▶ DATA RECORDS:
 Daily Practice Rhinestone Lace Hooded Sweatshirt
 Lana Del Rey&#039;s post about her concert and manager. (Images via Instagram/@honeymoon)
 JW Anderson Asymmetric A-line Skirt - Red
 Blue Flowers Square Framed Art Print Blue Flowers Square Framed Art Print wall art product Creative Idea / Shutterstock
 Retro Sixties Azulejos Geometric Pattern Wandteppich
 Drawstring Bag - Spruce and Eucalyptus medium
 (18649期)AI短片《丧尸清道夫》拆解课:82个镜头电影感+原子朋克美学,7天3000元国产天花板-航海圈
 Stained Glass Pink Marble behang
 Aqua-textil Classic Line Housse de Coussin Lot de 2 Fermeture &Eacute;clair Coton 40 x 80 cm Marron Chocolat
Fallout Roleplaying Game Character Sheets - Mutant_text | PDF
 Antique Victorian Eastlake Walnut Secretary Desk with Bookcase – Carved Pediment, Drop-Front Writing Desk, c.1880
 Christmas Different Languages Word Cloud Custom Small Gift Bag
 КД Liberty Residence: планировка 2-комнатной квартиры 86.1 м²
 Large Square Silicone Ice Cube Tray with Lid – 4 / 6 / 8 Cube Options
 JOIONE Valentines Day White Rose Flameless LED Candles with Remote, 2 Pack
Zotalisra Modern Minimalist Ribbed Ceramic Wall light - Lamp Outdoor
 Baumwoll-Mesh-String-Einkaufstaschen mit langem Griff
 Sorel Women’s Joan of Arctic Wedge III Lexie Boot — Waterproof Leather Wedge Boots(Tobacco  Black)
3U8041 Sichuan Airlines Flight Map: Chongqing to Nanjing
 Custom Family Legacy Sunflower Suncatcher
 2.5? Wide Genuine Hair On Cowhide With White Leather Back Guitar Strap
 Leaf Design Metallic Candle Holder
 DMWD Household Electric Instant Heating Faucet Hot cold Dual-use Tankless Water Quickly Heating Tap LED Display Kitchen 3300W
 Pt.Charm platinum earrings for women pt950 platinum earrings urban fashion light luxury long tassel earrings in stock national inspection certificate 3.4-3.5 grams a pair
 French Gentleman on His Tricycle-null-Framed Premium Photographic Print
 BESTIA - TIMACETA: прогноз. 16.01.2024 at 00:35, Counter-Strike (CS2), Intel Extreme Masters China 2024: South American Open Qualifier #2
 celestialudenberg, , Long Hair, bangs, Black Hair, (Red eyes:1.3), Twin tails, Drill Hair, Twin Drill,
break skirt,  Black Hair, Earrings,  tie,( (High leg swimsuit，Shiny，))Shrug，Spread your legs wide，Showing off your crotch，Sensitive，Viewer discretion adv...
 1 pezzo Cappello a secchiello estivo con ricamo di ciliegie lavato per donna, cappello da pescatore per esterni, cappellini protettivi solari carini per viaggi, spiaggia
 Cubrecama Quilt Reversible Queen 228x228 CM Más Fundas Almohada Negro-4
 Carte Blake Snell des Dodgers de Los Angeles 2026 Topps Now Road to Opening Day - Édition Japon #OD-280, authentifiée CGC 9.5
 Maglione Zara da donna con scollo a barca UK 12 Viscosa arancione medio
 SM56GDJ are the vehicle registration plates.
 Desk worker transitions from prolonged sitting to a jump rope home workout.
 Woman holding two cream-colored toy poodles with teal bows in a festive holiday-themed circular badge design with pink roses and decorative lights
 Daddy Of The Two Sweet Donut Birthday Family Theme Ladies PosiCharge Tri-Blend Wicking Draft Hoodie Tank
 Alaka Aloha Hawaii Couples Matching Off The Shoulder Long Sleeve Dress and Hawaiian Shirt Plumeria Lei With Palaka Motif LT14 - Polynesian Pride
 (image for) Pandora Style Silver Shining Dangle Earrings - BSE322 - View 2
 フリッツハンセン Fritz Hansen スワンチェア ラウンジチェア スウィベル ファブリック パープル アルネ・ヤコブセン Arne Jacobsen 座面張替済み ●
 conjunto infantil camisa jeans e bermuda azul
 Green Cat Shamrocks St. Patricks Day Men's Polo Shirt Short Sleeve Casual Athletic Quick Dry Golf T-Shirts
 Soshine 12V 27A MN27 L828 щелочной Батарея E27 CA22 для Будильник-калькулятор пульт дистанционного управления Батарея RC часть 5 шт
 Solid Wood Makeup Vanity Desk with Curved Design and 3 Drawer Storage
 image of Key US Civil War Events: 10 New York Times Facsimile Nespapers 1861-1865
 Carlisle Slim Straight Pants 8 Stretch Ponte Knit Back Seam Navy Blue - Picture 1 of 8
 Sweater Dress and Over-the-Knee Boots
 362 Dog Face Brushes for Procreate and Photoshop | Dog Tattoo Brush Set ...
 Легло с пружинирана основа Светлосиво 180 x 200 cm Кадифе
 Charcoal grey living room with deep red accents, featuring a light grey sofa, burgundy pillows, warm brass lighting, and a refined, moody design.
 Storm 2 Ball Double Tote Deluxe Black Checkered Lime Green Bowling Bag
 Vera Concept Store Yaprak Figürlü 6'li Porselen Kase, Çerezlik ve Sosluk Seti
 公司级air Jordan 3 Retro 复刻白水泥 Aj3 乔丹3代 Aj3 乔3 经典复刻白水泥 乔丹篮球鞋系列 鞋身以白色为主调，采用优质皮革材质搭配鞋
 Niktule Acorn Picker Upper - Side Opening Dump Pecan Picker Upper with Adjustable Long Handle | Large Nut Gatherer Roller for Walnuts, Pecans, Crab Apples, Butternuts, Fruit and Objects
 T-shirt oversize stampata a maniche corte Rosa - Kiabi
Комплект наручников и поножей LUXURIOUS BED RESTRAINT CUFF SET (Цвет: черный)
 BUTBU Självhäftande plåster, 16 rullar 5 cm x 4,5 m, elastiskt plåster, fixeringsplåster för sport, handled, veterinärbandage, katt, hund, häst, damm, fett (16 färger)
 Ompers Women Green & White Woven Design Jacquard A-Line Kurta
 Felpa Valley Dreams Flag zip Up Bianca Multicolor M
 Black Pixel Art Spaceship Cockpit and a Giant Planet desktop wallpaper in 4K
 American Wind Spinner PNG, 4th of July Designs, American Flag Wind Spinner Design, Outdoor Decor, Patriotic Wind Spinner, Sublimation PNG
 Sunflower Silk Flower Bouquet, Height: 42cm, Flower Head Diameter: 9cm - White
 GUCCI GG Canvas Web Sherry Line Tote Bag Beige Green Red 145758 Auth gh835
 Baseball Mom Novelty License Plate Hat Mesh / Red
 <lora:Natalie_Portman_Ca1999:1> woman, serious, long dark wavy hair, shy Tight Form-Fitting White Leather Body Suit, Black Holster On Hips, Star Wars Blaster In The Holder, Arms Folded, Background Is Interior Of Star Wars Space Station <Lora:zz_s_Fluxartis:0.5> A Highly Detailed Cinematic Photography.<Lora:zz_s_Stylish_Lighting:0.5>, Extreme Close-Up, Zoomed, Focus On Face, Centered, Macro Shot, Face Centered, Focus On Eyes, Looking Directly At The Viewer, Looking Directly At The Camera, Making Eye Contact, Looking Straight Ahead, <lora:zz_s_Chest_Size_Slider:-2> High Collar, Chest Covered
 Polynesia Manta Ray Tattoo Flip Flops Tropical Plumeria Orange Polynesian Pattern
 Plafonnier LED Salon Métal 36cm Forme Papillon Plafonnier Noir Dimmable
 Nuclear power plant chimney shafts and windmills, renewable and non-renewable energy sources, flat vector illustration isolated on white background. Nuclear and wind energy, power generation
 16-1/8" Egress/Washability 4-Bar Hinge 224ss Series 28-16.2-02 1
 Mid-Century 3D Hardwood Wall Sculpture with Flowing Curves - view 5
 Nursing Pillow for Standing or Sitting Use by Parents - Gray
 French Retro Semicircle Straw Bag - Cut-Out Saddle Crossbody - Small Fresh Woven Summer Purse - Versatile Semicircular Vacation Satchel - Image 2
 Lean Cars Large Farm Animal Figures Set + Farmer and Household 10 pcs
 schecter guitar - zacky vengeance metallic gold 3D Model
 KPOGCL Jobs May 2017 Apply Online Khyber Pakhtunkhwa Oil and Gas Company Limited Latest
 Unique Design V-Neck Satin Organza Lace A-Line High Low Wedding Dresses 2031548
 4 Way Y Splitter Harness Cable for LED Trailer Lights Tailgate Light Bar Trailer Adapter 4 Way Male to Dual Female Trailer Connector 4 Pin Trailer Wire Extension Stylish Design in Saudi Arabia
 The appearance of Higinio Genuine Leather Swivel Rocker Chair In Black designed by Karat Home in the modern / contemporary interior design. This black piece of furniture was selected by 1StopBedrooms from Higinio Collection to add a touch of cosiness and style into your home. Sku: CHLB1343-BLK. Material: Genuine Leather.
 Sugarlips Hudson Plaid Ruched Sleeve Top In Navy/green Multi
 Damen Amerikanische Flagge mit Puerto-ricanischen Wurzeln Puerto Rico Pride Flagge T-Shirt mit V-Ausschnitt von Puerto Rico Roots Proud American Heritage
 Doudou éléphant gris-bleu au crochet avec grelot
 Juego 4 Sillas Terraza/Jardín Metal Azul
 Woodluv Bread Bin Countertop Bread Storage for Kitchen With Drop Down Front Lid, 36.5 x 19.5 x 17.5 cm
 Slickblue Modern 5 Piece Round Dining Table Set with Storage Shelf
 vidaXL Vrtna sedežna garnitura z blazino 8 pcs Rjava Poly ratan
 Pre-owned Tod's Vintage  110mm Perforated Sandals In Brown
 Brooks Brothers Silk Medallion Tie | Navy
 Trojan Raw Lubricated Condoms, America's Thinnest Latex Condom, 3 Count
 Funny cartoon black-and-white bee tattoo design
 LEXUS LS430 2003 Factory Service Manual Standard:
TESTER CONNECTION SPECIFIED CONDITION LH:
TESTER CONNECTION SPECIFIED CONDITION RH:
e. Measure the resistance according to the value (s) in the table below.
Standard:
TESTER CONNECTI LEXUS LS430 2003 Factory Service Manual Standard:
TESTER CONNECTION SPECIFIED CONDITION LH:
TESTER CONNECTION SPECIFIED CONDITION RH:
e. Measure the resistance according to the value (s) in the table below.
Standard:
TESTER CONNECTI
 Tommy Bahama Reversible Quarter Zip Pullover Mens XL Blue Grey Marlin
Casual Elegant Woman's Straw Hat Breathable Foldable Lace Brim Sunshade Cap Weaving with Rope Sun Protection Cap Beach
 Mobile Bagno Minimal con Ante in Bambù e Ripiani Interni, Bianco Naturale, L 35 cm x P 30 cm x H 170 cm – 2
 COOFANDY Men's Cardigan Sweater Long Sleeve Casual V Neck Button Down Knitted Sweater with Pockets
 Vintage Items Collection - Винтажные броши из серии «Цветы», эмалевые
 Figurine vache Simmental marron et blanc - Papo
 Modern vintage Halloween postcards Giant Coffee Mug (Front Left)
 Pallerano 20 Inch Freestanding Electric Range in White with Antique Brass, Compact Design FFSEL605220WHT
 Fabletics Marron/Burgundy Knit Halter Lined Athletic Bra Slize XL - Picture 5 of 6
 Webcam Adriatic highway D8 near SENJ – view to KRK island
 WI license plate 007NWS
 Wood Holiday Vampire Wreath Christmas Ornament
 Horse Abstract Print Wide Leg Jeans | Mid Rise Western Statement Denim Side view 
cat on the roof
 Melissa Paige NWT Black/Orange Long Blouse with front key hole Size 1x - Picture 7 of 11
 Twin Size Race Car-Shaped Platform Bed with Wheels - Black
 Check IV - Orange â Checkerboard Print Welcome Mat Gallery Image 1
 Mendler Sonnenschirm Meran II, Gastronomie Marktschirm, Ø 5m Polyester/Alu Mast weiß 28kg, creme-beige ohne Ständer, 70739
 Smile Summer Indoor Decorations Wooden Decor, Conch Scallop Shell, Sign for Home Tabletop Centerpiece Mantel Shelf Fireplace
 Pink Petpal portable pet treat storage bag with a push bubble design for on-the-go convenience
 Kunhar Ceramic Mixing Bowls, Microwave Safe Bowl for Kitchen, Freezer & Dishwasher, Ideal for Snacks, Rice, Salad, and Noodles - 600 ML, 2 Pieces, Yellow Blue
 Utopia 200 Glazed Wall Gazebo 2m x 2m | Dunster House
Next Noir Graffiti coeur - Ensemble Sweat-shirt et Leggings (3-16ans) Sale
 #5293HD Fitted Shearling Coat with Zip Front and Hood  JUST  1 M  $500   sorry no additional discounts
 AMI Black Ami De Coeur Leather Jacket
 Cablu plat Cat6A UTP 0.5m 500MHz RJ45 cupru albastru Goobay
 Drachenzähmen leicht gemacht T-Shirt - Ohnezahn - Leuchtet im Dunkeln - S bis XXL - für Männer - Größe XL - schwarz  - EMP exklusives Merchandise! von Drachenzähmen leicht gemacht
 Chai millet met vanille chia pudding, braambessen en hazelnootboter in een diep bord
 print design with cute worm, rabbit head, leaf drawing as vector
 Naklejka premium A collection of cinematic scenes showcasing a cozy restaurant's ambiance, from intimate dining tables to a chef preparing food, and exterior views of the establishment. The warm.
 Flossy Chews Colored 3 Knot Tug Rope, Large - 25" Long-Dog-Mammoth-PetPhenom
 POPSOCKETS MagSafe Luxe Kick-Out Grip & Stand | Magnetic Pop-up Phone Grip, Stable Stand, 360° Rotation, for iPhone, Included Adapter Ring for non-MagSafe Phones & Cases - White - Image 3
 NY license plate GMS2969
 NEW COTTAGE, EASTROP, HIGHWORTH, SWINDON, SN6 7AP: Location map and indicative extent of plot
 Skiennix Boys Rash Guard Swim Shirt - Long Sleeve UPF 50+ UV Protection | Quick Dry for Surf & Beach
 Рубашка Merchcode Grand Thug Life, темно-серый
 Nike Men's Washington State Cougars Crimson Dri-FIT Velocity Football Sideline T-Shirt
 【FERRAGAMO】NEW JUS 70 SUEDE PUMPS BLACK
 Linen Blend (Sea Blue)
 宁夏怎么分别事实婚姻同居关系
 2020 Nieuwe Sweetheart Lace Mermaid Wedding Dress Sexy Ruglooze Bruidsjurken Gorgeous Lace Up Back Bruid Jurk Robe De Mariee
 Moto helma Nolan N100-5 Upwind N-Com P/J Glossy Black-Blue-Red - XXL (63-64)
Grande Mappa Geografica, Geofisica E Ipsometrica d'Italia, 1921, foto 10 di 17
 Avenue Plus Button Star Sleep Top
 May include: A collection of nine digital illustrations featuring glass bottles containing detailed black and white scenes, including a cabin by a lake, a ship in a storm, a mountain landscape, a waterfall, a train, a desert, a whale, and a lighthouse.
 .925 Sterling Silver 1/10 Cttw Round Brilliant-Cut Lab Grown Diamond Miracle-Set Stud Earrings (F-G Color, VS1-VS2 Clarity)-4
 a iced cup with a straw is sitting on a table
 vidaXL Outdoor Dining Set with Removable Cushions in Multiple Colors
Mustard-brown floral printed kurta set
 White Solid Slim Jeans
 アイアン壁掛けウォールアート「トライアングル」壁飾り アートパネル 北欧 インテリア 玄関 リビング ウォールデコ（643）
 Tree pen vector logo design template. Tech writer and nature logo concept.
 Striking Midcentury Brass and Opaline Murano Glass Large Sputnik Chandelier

▶ WHAT YOU NEED TO DO:
Start with the line above that contains "3U8041 Sichuan Airlines" and end with the line that contains "Green Cat Shamrocks". Write out those lines exactly, and only those.

▶ OUTPUT FOR THIS TASK:
3U8041 Sichuan Airlines Flight Map: Chongqing to Nanjing
 Custom Family Legacy Sunflower Suncatcher
 2.5? Wide Genuine Hair On Cowhide With White Leather Back Guitar Strap
 Leaf Design Metallic Candle Holder
 DMWD Household Electric Instant Heating Faucet Hot cold Dual-use Tankless Water Quickly Heating Tap LED Display Kitchen 3300W
 Pt.Charm platinum earrings for women pt950 platinum earrings urban fashion light luxury long tassel earrings in stock national inspection certificate 3.4-3.5 grams a pair
 French Gentleman on His Tricycle-null-Framed Premium Photographic Print
 BESTIA - TIMACETA: прогноз. 16.01.2024 at 00:35, Counter-Strike (CS2), Intel Extreme Masters China 2024: South American Open Qualifier #2
 celestialudenberg, , Long Hair, bangs, Black Hair, (Red eyes:1.3), Twin tails, Drill Hair, Twin Drill,
break skirt,  Black Hair, Earrings,  tie,( (High leg swimsuit，Shiny，))Shrug，Spread your legs wide，Showing off your crotch，Sensitive，Viewer discretion adv...
 1 pezzo Cappello a secchiello estivo con ricamo di ciliegie lavato per donna, cappello da pescatore per esterni, cappellini protettivi solari carini per viaggi, spiaggia
 Cubrecama Quilt Reversible Queen 228x228 CM Más Fundas Almohada Negro-4
 Carte Blake Snell des Dodgers de Los Angeles 2026 Topps Now Road to Opening Day - Édition Japon #OD-280, authentifiée CGC 9.5
 Maglione Zara da donna con scollo a barca UK 12 Viscosa arancione medio
 SM56GDJ are the vehicle registration plates.
 Desk worker transitions from prolonged sitting to a jump rope home workout.
 Woman holding two cream-colored toy poodles with teal bows in a festive holiday-themed circular badge design with pink roses and decorative lights
 Daddy Of The Two Sweet Donut Birthday Family Theme Ladies PosiCharge Tri-Blend Wicking Draft Hoodie Tank
 Alaka Aloha Hawaii Couples Matching Off The Shoulder Long Sleeve Dress and Hawaiian Shirt Plumeria Lei With Palaka Motif LT14 - Polynesian Pride
 (image for) Pandora Style Silver Shining Dangle Earrings - BSE322 - View 2
 フリッツハンセン Fritz Hansen スワンチェア ラウンジチェア スウィベル ファブリック パープル アルネ・ヤコブセン Arne Jacobsen 座面張替済み ●
 conjunto infantil camisa jeans e bermuda azul
 Green Cat Shamrocks St. Patricks Day Men's Polo Shirt Short Sleeve Casual Athletic Quick Dry Golf T-Shirts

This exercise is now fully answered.